Author Spotlight: William Wordsworth


The Renaissance was a great time for discovery not only in the fields of science and industry but also in those of art and literature. One of its greatest writers was William Shakespeare, writer of such plays as Hamlet, King Lear, and Romeo and Juliet. This era had also produced another William, one who exceled in poetry—William Wordsworth.

Wordsworth was born in England in the eighteenth century. As a child, he was taught how to read by his mother and was encouraged by his father to read works by Milton, Shakespeare, and Spenser. He also started attending a school for upper-class families that valued both academic pursuits and the preservation of tradition. After his mother’s death, Wordsworth was send to Hawkshead Grammar School.

In 1787, Wordsworth published a sonnet in the European Magazine. At the same time, he had also started attending St. John’s College in Cambridge, where he received a Bachelor of Arts degree in 1791. In 1790, Wordsworth toured Europe and, a year later, fell in love with a French woman.

Wordsworth published his first poetry collections, An Evening Walk and Descriptive Sketches, in 1793. Two years later, he inherited nine hundred pounds from Raisley Calvert. This sum allowed him to pursue poetry professionally. That same year, he met Samuel Taylor Coleridge, with whom he would collaborate throughout their lives.

In 1798, Wordsworth and Coleridge published Lyrical Ballads, an important work that ushered in the Romantic movement in England. Lyrical Ballads contained poems authored by both Wordsworth and Coleridge and studied by scholars over the years. The collection was also edited and republished multiple times, with the final edition published in 1805.

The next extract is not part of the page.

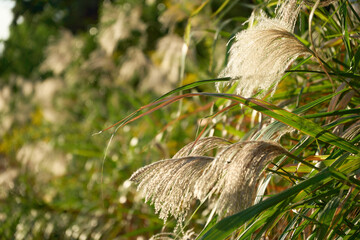 日差しを受けて輝くススキの穂。日本の秋らしい風景。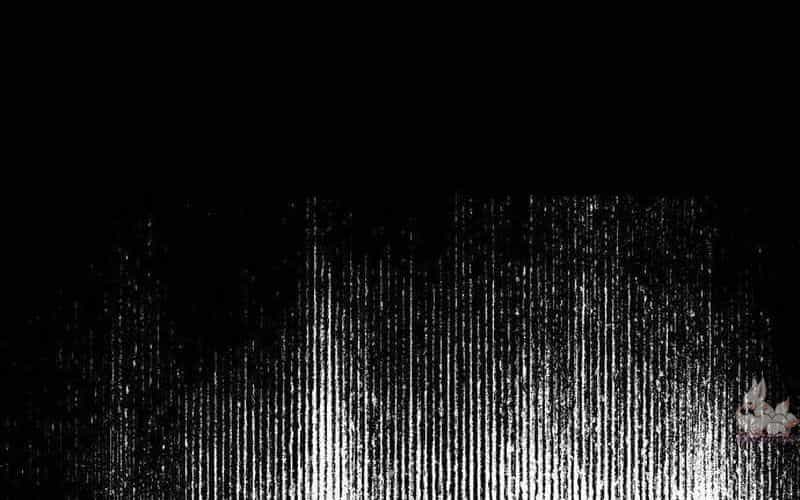 Chiến Binh Cariel - Chương 1 - ảnh 246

Other than poetry, Wordsworth also forayed into playwriting. He composed his only play, The Borderers, around 1795–1797. The play is a tragedy written in verse, set in the reign of King Henry III, about Englishmen who come into conflict with Scottish rovers. The play was published in 1842.

In the same year that Lyrical Ballads was published, Wordsworth, his sister Dorothy, and Coleridge moved to Germany, where Wordsworth was inspired to write his autobiography and magnum opus, The Prelude. The piece was a blank-verse long poem containing fourteen books, initially intended to be an introduction to an epic philosophical poem, The Recluse. However, he never finished the latter. The Prelude contained very personal details about his life and work. Both Wordsworth and Coleridge initially intended for The Recluse to be longer than John Milton’s Paradise Lost. Had they succeeded, The Recluse would have been three times as long. The Prelude was something that Wordsworth had kept working on up until his death.

While writing what would be his magnum opus, Wordsworth managed to write even more poetry. In 1814, he published The Excursion, intended to be the second part of The Recluse, even though he had never finished the first nor the third.

In his later years, Wordsworth started gaining a reputation as a valuable poet. He was awarded honorary degrees at the University of Durham and the University of Oxford. In 1843, he was made England’s poet laureate. In 1850, Wordsworth died of pleurisy, an inflammation of lung membranes. His widow published the then-untitled “Poem to Coleridge” as The Prelude three months after his passing. At the time, not too many people were interested in it, but it soon gained a reputation as a masterpiece.